- **Available data**:
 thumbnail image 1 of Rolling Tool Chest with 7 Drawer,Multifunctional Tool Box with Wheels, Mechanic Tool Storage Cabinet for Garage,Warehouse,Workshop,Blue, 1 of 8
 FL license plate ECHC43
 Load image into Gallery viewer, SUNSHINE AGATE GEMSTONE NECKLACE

--

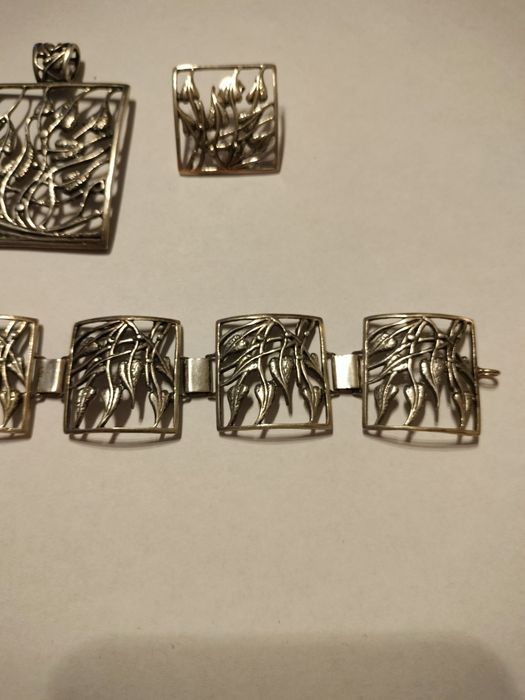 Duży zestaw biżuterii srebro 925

==

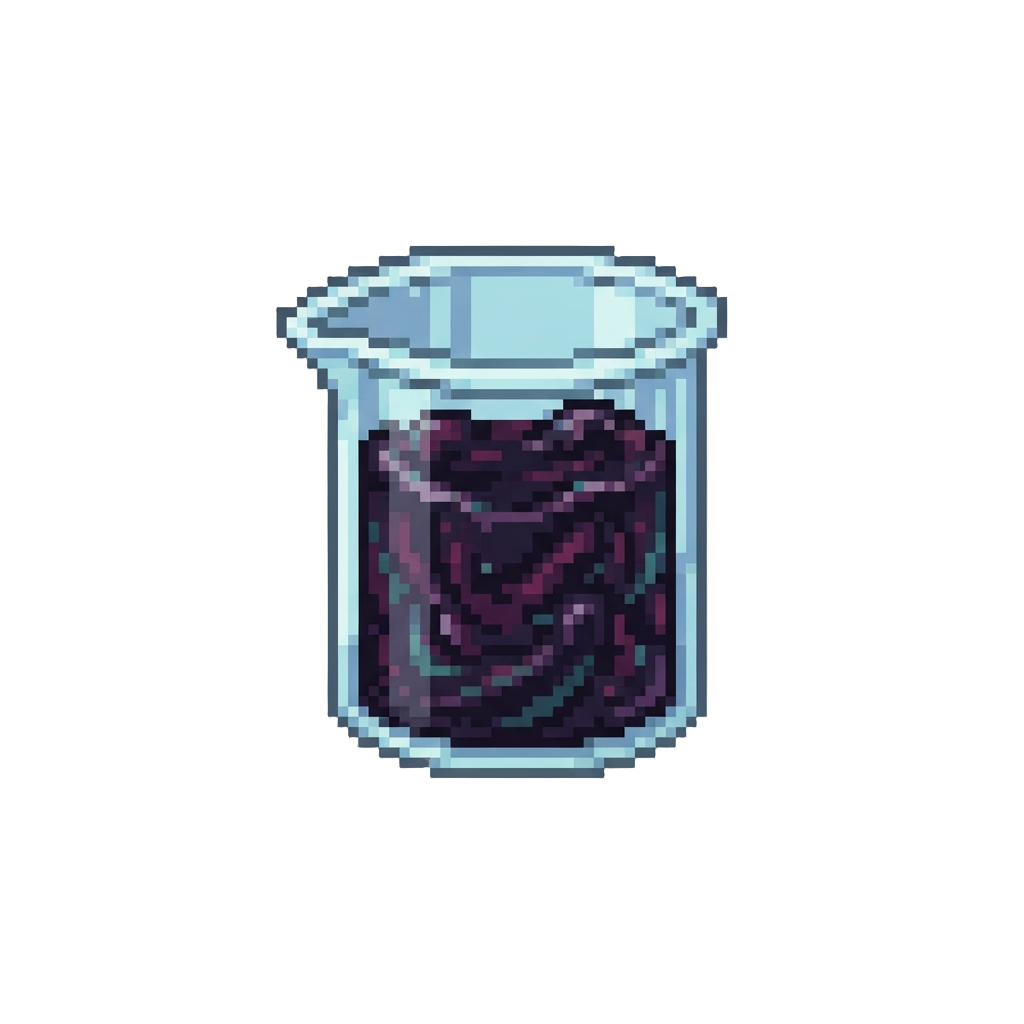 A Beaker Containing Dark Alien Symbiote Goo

- **Problem details**: Take the records above and return, word for word, only the lines that fall from the line with "FL license plate ECHC43" to the line with "Load image into", both of them included.

- **Written answer**:
 FL license plate ECHC43
 Load image into Gallery viewer, SUNSHINE AGATE GEMSTONE NECKLACE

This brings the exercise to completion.